On-Call for Agent Systems

3 min read

On-call for agent systems differs from traditional on-call in one critical way: the system does not wait for the engineer. A web application that breaks stops serving requests until someone fixes it. An agent system that breaks may continue operating — producing wrong output, making bad decisions, or taking actions based on corrupted data. The on-call response must include not just fixing the problem but assessing the blast radius: what did the agent do while it was broken?

The on-call procedure for agent incidents: Step one — contain. Pause the affected agent or quarantine its output. Do not let it continue operating while you investigate. Step two — assess blast radius. What tasks did the agent complete since the anomaly began?

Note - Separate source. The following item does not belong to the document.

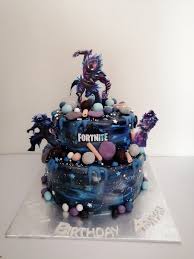 Galaxy Fortnite Theme Cake Themenbezogene Torten Kuchen Ideen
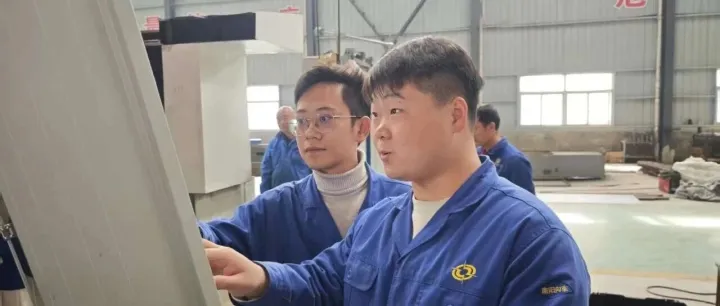 开发部全力协助公司桥式龙门加工中心项目装配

Were any outputs delivered to external stakeholders? Were any downstream agents affected by the corrupted output? Step three — remediate. Fix the root cause. Step four — recover. Reprocess affected tasks from before the incident. Notify stakeholders if corrupted output was delivered. Step five — document. Add the incident to the runbook and create a regression test.

1. Contain Immediately Pause the agent or quarantine its output queue. An agent producing bad output that reaches stakeholders causes more damage every minute it continues operating. Contain first, investigate second.
2. Assess Blast Radius Review the agent's activity since the anomaly began: tasks completed, outputs delivered, decisions made, downstream agents affected. The blast radius determines the scope of the recovery effort.
3. Remediate and Recover Fix the root cause. Reprocess affected tasks. Notify stakeholders if corrupted output was delivered externally. Document the incident and add a regression test to prevent recurrence.